My first try the simple  and cheap..
oneshot


----------



## Super Silver Haze (May 4, 2009)

vinegar for PH down
baking soda for PH up

dont know how to use it as such but im sure the info is here somewhere.  take a look around.


----------



## thedonofchronic (May 4, 2009)

check the DIY forums


----------



## BuddyLuv (May 4, 2009)

That stuff is unstable and you need some sort of beneficial to break it down. Buy a bottle of pH up and down. They cost 6-7 bucks for a liter and will last the novice a very long time.


----------



## 420benny (May 4, 2009)

I just went through this yesterday. I was playing with my new ph meter and was using 20% horticultural vinegar as a ph down. The ph changed from 6.9 to 7.2 after 2 hours and was higher the next day, 7.4. I asked one of the employees at the hydro store and he told me that natural acidic things like vinegar have no staying power to keep the ph lower. He suggested lemon juice would work better, but nothing worked as well as ph down. He cautioned that it isn't technically "organic" in the latest definition of organic. I did buy a bottle of ph down and up, though. Baking soda did work to bring the ph back up after I went too far. I didn't wait to see what changes happened over time to it. As it turned out, if I just add a teaspoon of Roots Grow vegging nutes to my well water, my ph is perfect for soil. 6.7


----------



## Funkfarmer (May 4, 2009)

Hey oneshot, simple and cheap would be to go buy a bottle of ph up and ph down. Trust me it will save a lot of headaches ans maybe even your plants.


----------



## Pepper (May 4, 2009)

Super Silver Haze said:
			
		

> vinegar for PH down
> baking soda for PH up
> 
> dont know how to use it as such but im sure the info is here somewhere. take a look around.


 

Lemon juice also works to help bring the ph down.

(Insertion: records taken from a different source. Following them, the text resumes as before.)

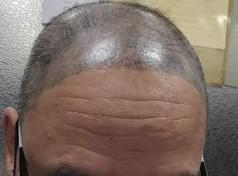 SMP紋髮 紋髮失敗個案 SMP紋髮 紋髮失敗個案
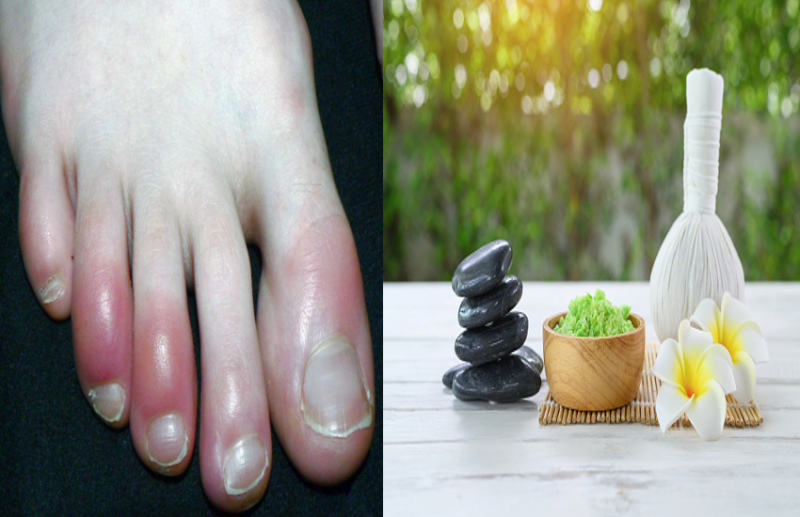 Home Remedies to Treat Chilblains Disease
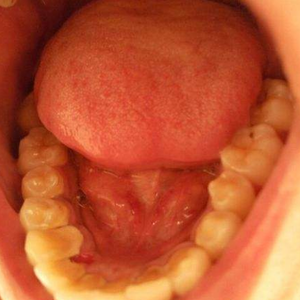 淄博口腔醫(yī)院醫(yī)生牟象鑫做超聲波洗牙怎么樣？附案例效果對比圖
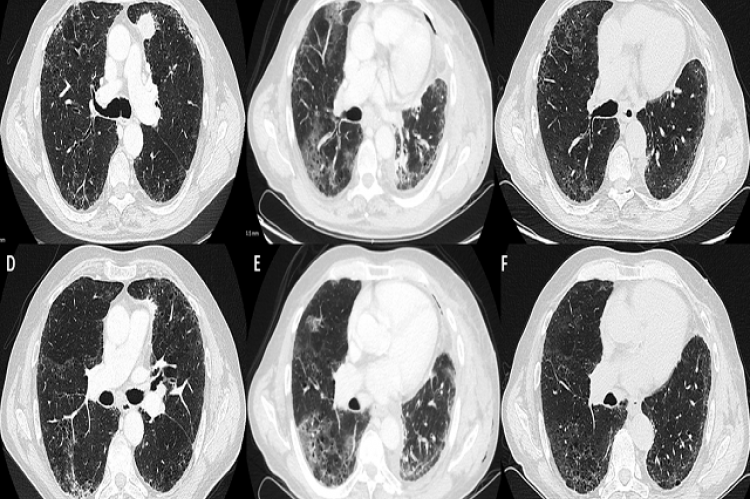 Computer tomography of the chest showing the preoperative aspect of the lung (A,D), the presence of an upper left adenocarcinoma (A), and the radiological aspect of the same sections at the hospital readmission (B,E) performed ten days after discharge which evidence of diffuse ground glass opacities. (C,F) represent computer tomography of the chest performed eleven days after readmission and antibiotic and steroid therapy and non-invasive ventilation showing the disappearance of ground glass opacities.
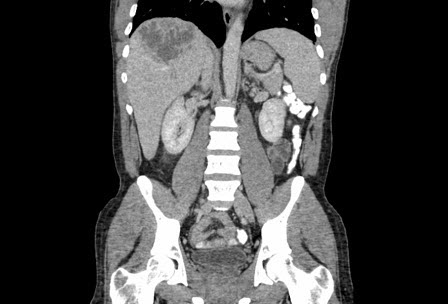 com.bmj.content.model.assessment.Caption@7d934a84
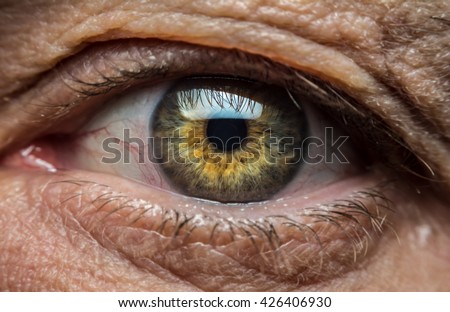 The eye of an old man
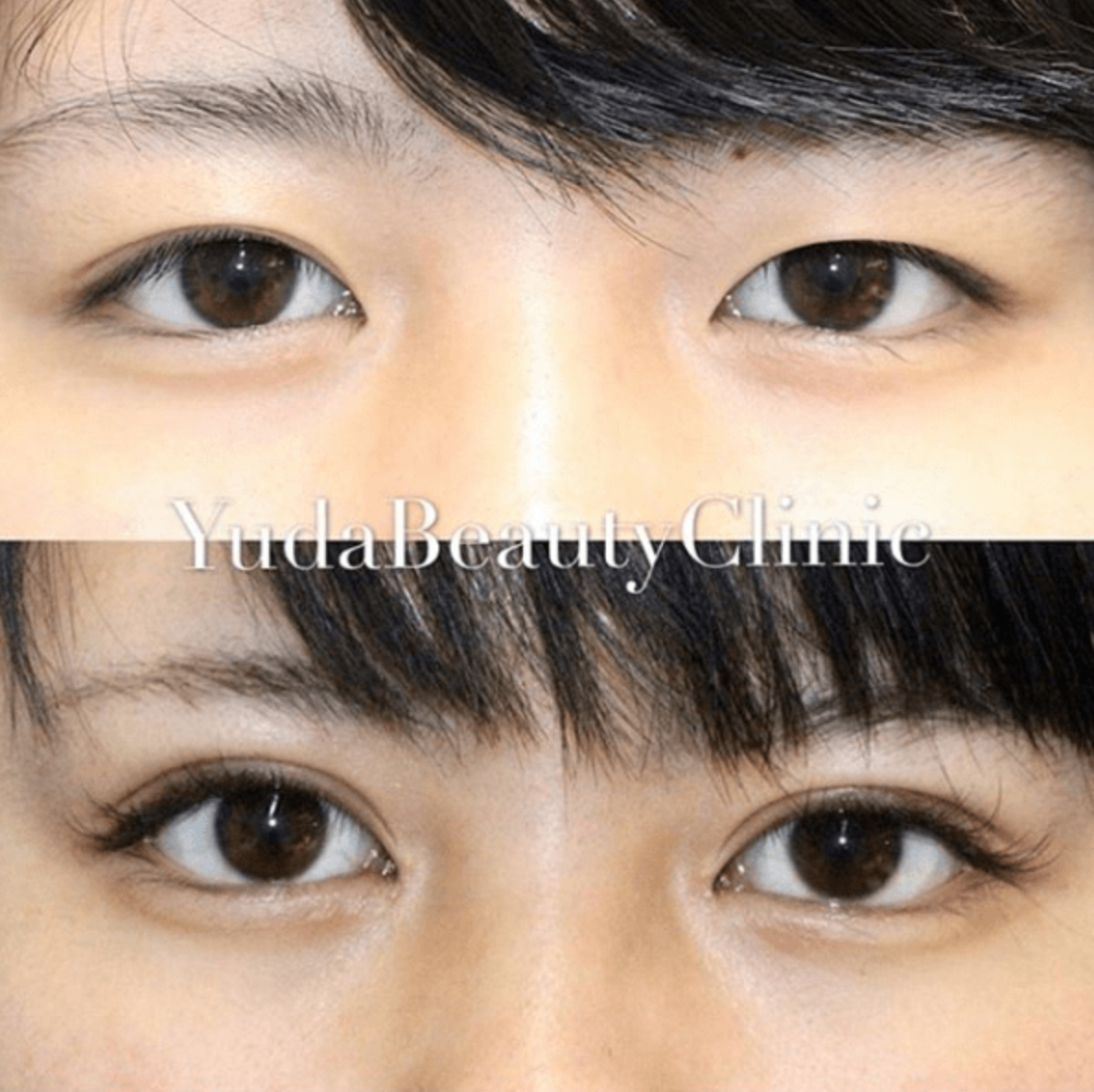 湯田眼科美容クリニック　目頭切開　症例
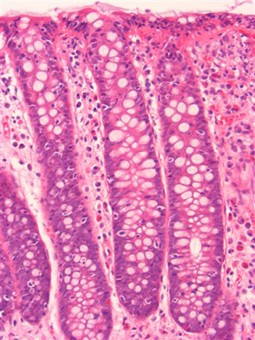 Histopathologie der mikroskopischen Kolitis | SpringerLink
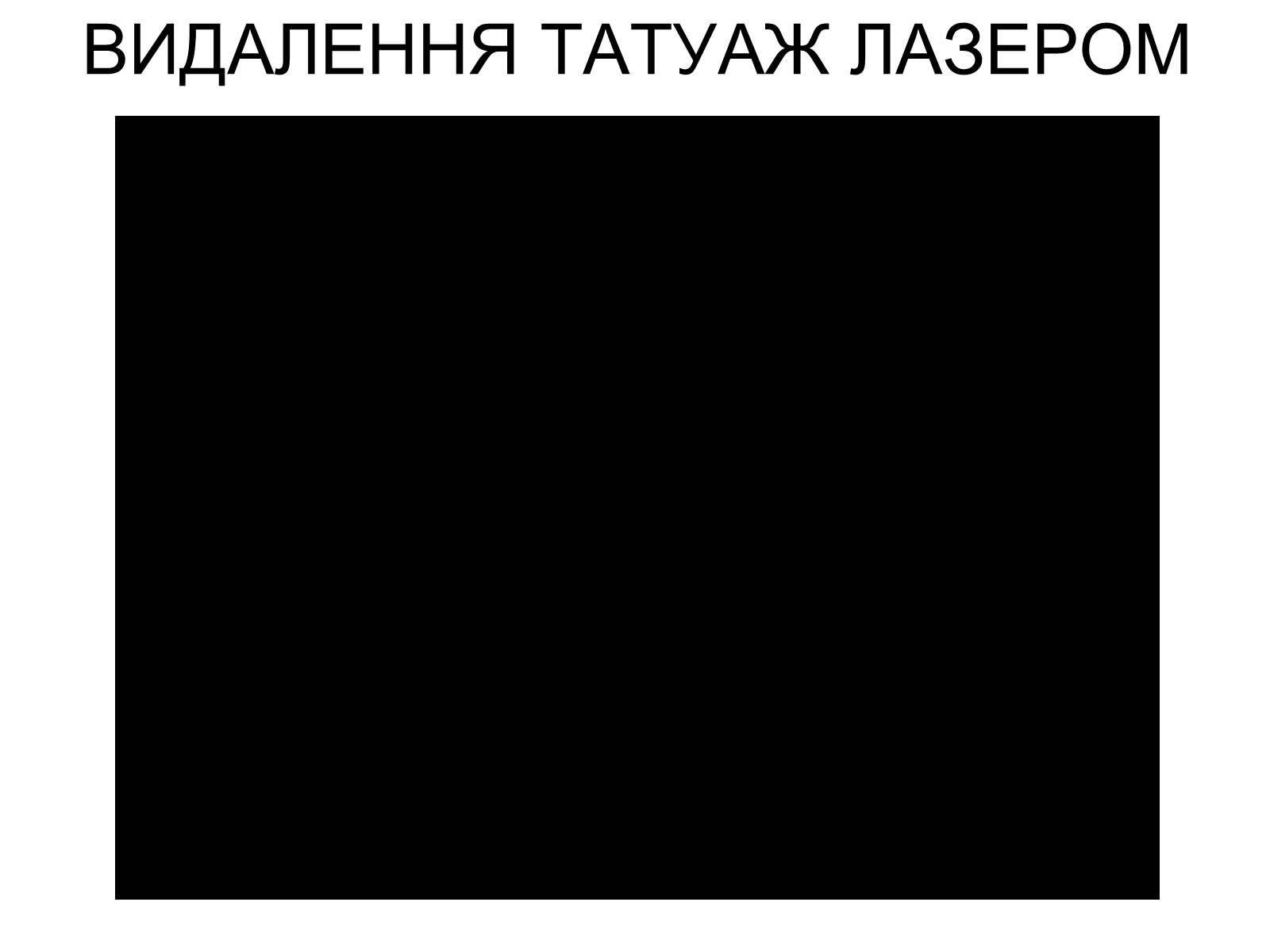 Презентація на тему «Лазери та їх застосування» (варіант 1) - Слайд #12 Презентація на тему «Лазери та їх застосування» (варіант 1) - Слайд #12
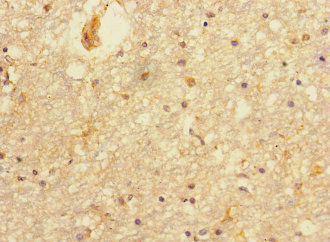 CSB-PA018733LA01HU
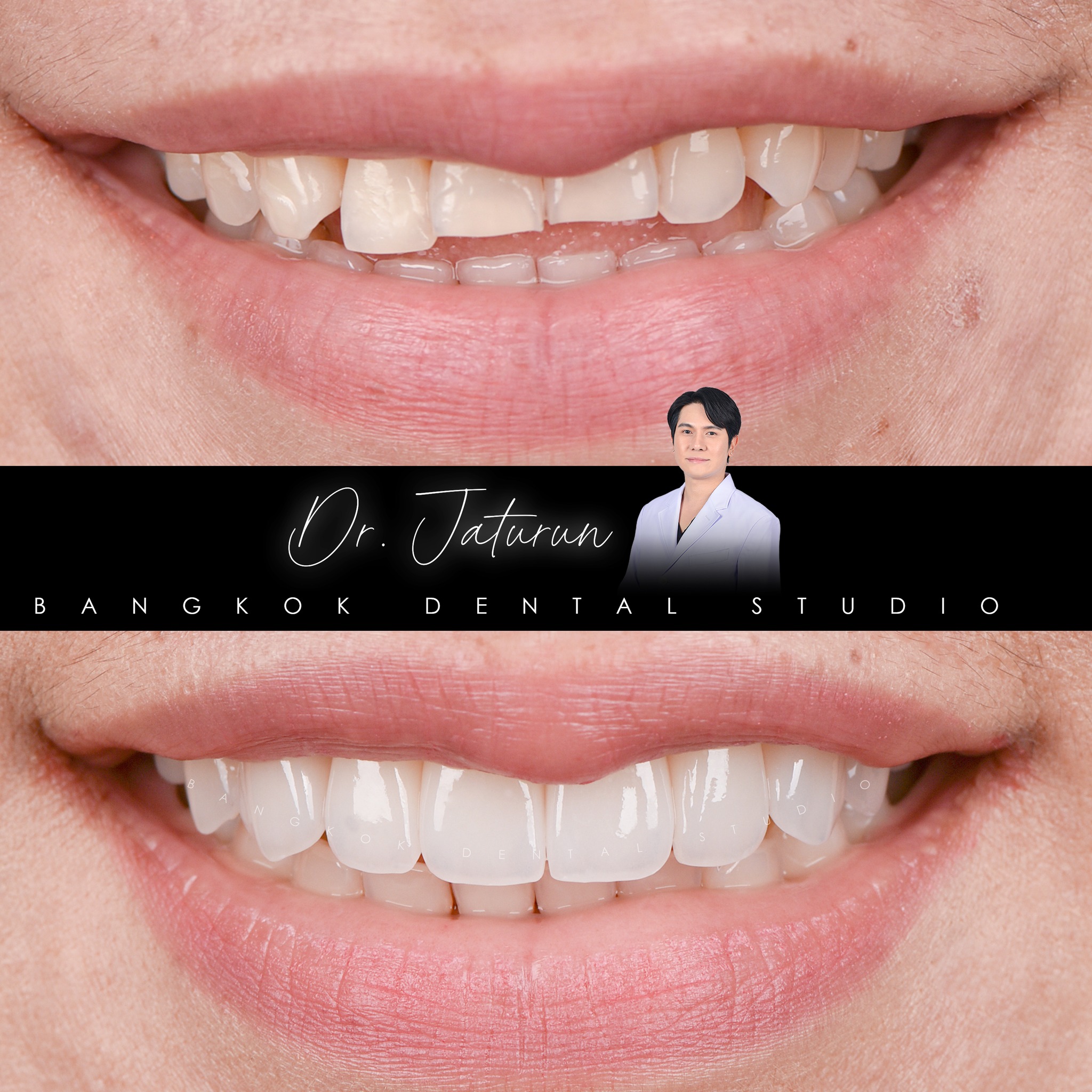 Bangkok Dental Studio-BDS บางกอก เด็นทัล สตูดิโอ ทำฟัน วีเนียร์ รากเทียม Facebook ad: Chat with us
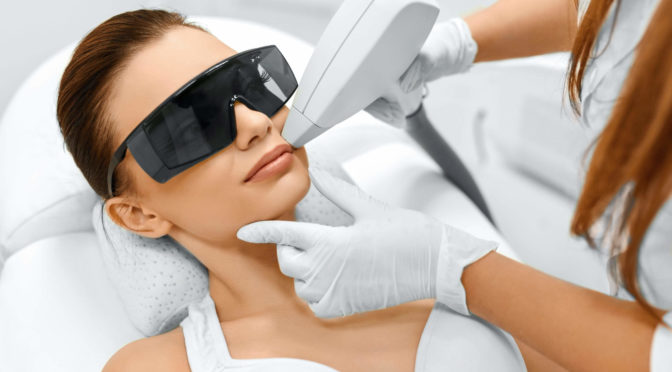 epilation laser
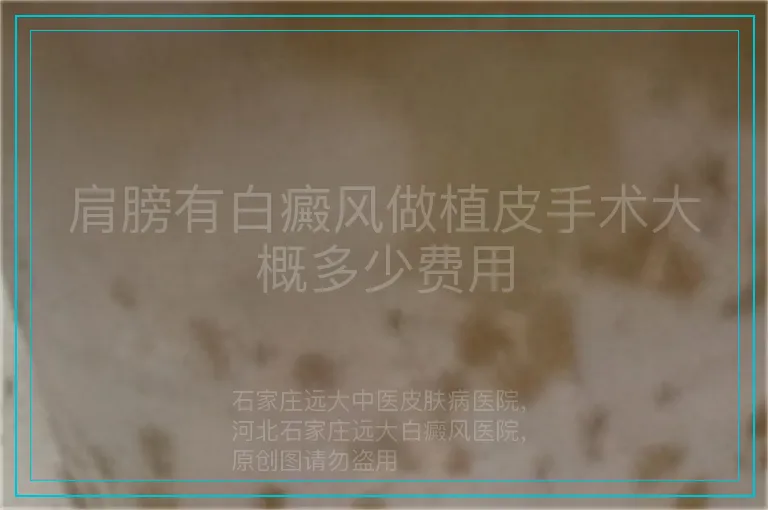 肩膀有白癜风做植皮手术大概多少费用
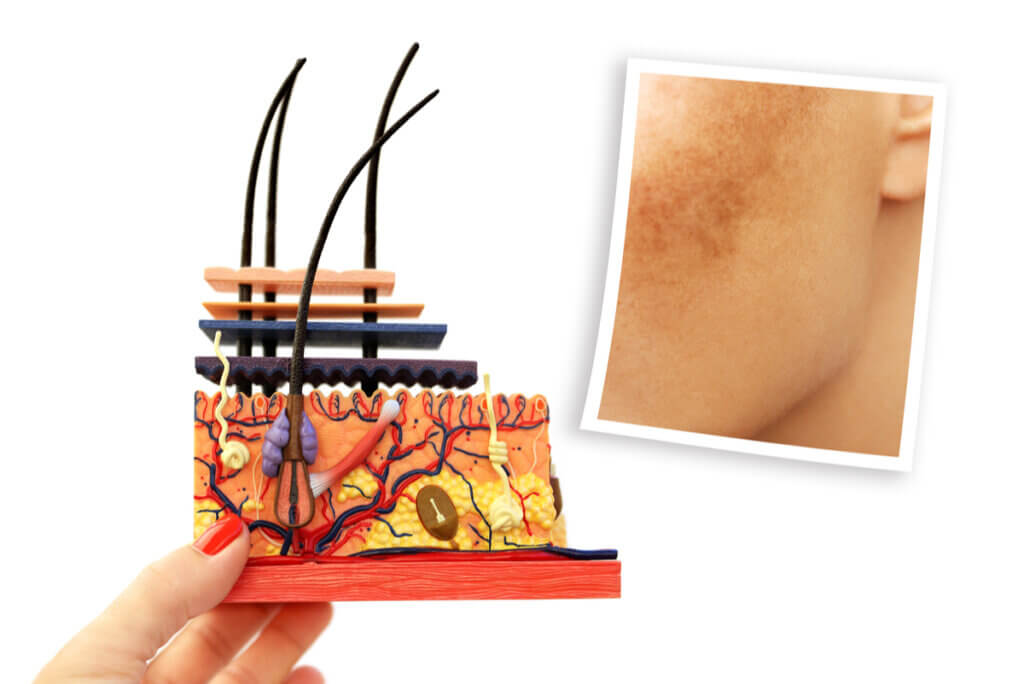 Esquema de piel con melasma.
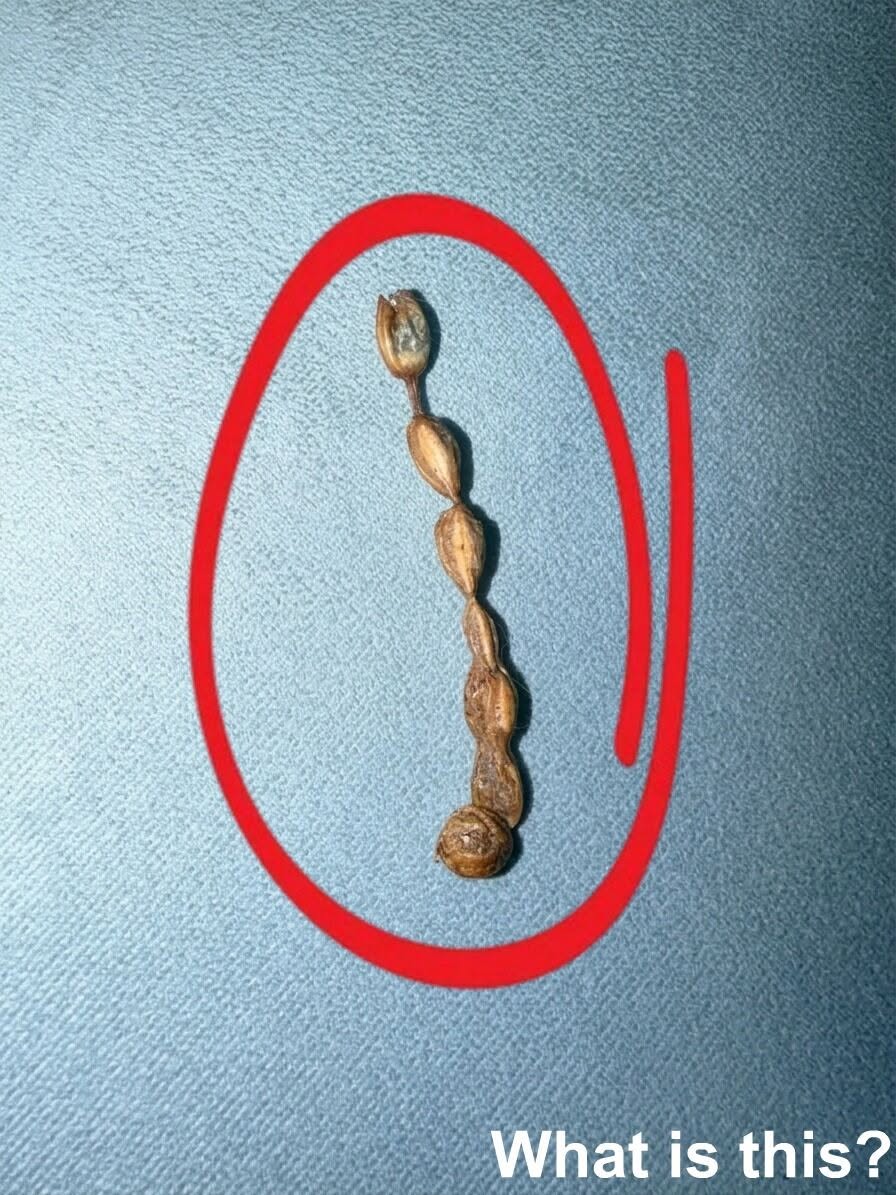 I found this on my couch. It looks kind of cr℮epy. I’ve been staring at it for an hour and still can’t figure out what it is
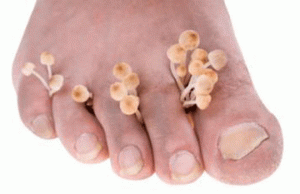 Запущенная форма грибка ногтя: лечение перекисью водорода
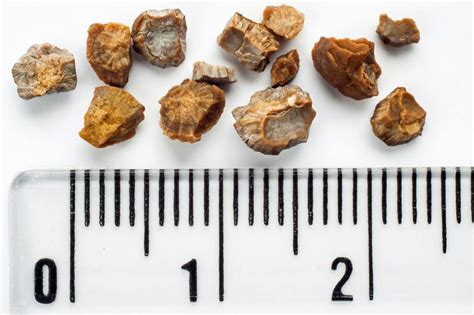 Kidney stones 6-7mm should take medicine or should surgery? | Vinmec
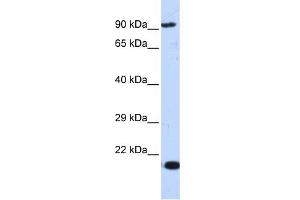 WB Suggested Anti-MCM7 Antibody Titration:  0. (MCM7 Antikörper  (Middle Region))
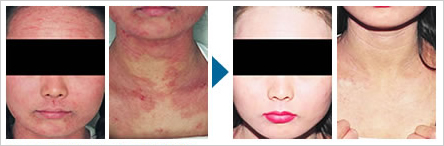 アトピー性皮膚炎の症状改善例1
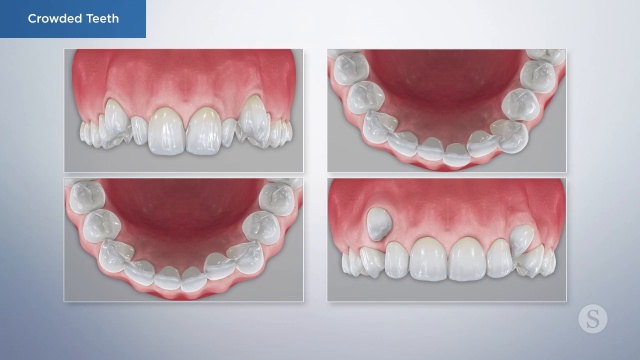 Orthodontics and Braces Ottawa, Dental Clinic
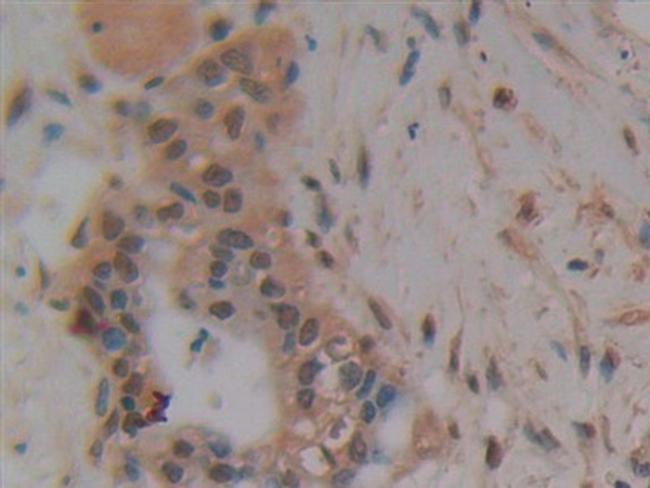 PAK2 Antibody in Immunohistochemistry (Paraffin) (IHC (P))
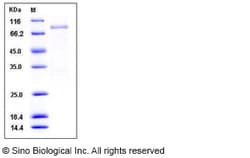 Sino Biological Recombinant Human BLK Protein (GST Tag), Quantity: Each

I use Techanflora ph down and ph up, best stuff there is, *ph remains very stable*, 1 litre each and will last you a loooonnnnggggg time its around 8 bucks each.


----------



## oaksterdam (May 4, 2009)

make sure u add ur nutes before adjusting, for nutes does change ur ph


----------



## Pepper (May 4, 2009)

oaksterdam said:
			
		

> make sure u add ur nutes before adjusting, for nutes does change ur ph


 

Very true, it is best to add the nutes 1 at a time mix, then add the next nute mix, etc......... couple hr's later chech the ph, and ajust to 5.0 (ph will raise) run system without plants for 6 to 8hr's check ph again, and adjust to 5.5 (ph will raise) continue to run system without plants for 12 to 14hr's and check ph again adjust to 5.5, continue to run system without plants, check ph again 4 to 6 hrs it should be around 5.7 to 6 if so add plants, never add plants to your system unless the ph in your system as become stable, it may take 24 to 48hr's, after you add the plants check the ph 2 to 3 times a day 6 to 8 hr's appart, and adjust the ph to 5.5 only if it is above 6.
It is always best to have 2 of the same reservours, 1 for running with the plants, and 1 for new water and nute changes, that way you can have new water + nutes allow the system to stabalize then just swich containers, very simple.


----------



## Lemmongrass (May 4, 2009)

none of the ghetto methods work consistently. pretty much /thread on that point. you can make your own good stuff, but its cheaper/easier to buy for aquarium from pet's mart. youd be surprised how long a 1.75o bottle of ph down will last a small grow with tap water.


----------